A former board member of the agency overseeing Fort Worth’s Panther Island has long predicted problems with the $1.1 billion project and expressed doubt it will ever be completed as planned.
“I hate to say ‘I told you so,’” said Mary Kelleher, who was known as the “squeaky wheel” when she served on the Trinity River Vision Authority board from 2013 to 2017.
On Monday, Fort Worth Mayor Betsy Price suggested the massive flood control and redevelopment project north of downtown be scaled back and also called for a comprehensive audit.
The mayor’s comments came after funding from the U.S. Corps of Engineers was cut. Federal money was supposed to pay for half the project for flood control.
Backers said they’re hopeful they’ll get federal funding next year and the project is still on track.
But Kelleher said she doubts it.
"The challenges are paramount going forward,” she said. “I just don't see it ever coming to be."

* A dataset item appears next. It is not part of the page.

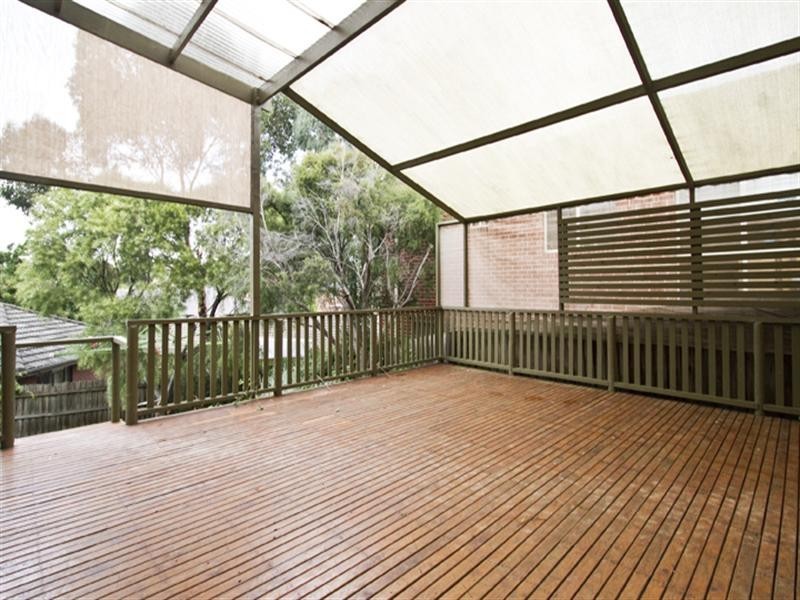 33 Stonnington Drive, Watsonia North VIC 3087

In February 2017, Kelleher asked TRVA executive director J.D. Granger why a cost-benefit study for Panther Island was never done.
Granger appeared to say a study wasn’t required when Congress initially authorized the spending.

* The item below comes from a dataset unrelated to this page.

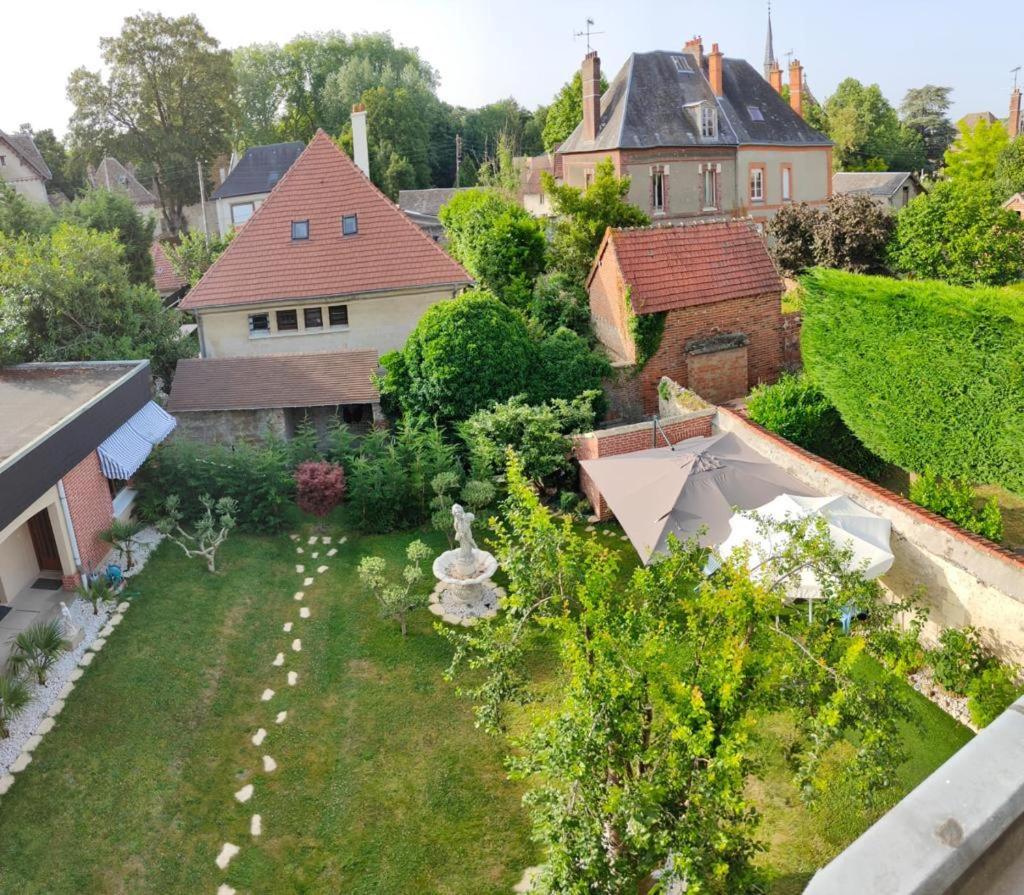 Appartement En Residence Gisors Exterior photo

"The original project did not have the cost analysis because it was actually set up and authorized in an appropriations bill,” he said. “But that's been the situation that they want."
That analysis, required by federal law, is key.
Price said federal officials told her it's a major reason they didn't fund the project this year.
"It's a boondoggle,” Kelleher said. “It's not for flood control. It's for economic development."
Kelleher said the scope of the project grew too much, too fast.
"It's out of control,” she said. “It started small. But now we're in the billions."
Kelleher said she tried to sound the alarm when she was on the board but nobody would listen.
"It's embarrassing for Fort Worth,” she said. “It's embarrassing for the Tarrant Regional Water District."